Kadının çocuk doğurma ve büyütme ihtiyacı ancak yerleşik koşullarda daha rahat gerçekleşebilir. Uygun bir iklim, bitki ve hayvan varlığı bu ihtiyaçla birleşince, evcilleşmenin temel koşulları doğmaktadır. Toplayıcılık sanatı, birçok bitki ve ağaç meyvesi yiyecek ihtiyacını giderebilmektedir. Dağ koyunu ve keçisinin evcilleşmesi yün, süt ve etleriyle ihtiyaç gidermeyi daha da zenginleştirmektedir. Verimli bitki ve ağaçların tarlamsı alanda yetiştirilmesinin verimin kat be kat artmasına yol açtığı deneyle görülmektedir. Hayvanları hemen öldürmek yerine beslemek, süt ve yün ürünleriyle kıtlıklarda aç kalmamak açısından uygun düşmektedir. Ana-kadın etrafında büyüttüğü çocuklarıyla evcil düzeni geliştirmek için her iki konuda da güçlü deneyimlere sahiptir. Mağaradan çıkıp uygun ürün yetiştirmek ve hayvan besleme alanlarında ev kurmak belki basittir, ama tarihin aya çıkış gibi bir dev adımı rolünü oynayacaktır. Küçük kulübelerin köyleşmesi zor olmayacaktır. M.Ö 11.000’lere kadar gidebilen tarihlerde bugünkü Kürdistan’ın birçok yöresinde “Diyarbakır Ergani Çayönü, Batman Çemê Xalan, Urfa Nevala Çolê ve Göbeklitepe, Bradostiyan, Hakkari Mağ” bu kültürün güçlü kalıntılarına rastlanmaktadır. Dünyanın hiçbir yerinde bundan daha eski bir yerleşim kültürüne rastlanmamaktadır. Buralarda evcil-ana kültürünün yoğunluğunu gösteren kanıtların başında, bulunan tüm heykelciklerin kadın figürlü olması gelmektedir. Ayrıca yöre dil yapısındaki kadın ön ekleri örnek gösterilebilir. Günümüzde bile aynı kültürün kadının tam bir ustalık alanı olması bu gerçeği doğrulamaktadır.
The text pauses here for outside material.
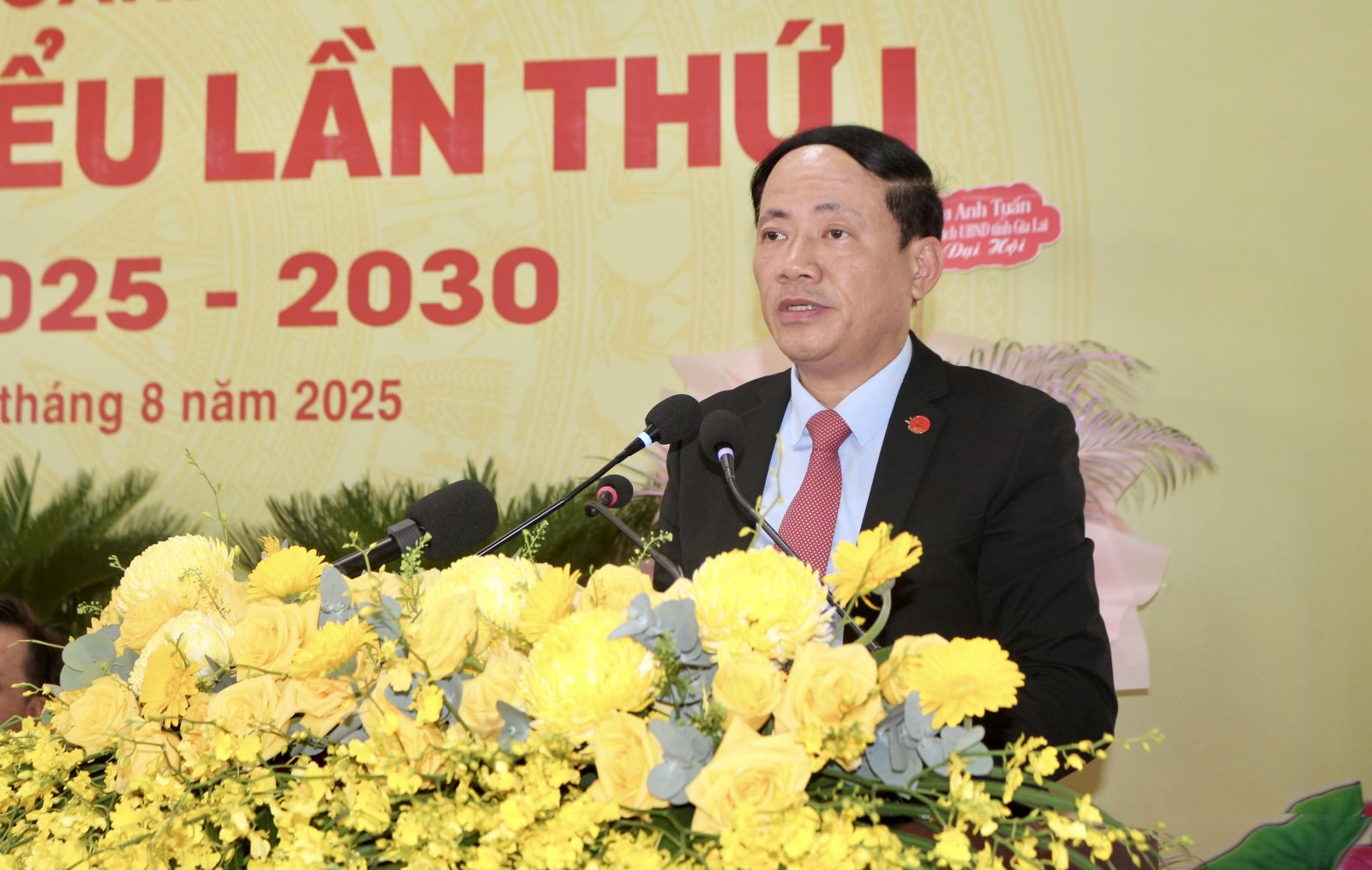 Ông Phạm Anh Tuấn – Chủ tịch UBND tỉnh Gia Lai, phát biểu tại Đại hội Đảng bộ xã Canh Vinh lần thứ I (nhiệm kỳ 2025-2030).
Kadının toplumsal kimliğinin doğal bir öncülük ve yaratıcılığa dayalı olduğu en iyi mitolojik anlatımlarda ortaya çıkıyor. Mitolojiler toplumun içinde bulunduğu sosyolojiyi gösterir. Her ne kadar pozivist bilim mitolojik anlatımları “çocuk masalları“ olarak tanımlasa da, bu hakikati gizleme çabasındandır ve bilinçlidir. Bu yönüyle de doğal toplumun başat kimliği tanrıça kimliği olduğu sosyolojik bir analiz olarak görmek gerekir. Bütün anlatılar çok güçlü tanrıça imgeleriyle ifade edilmiştir.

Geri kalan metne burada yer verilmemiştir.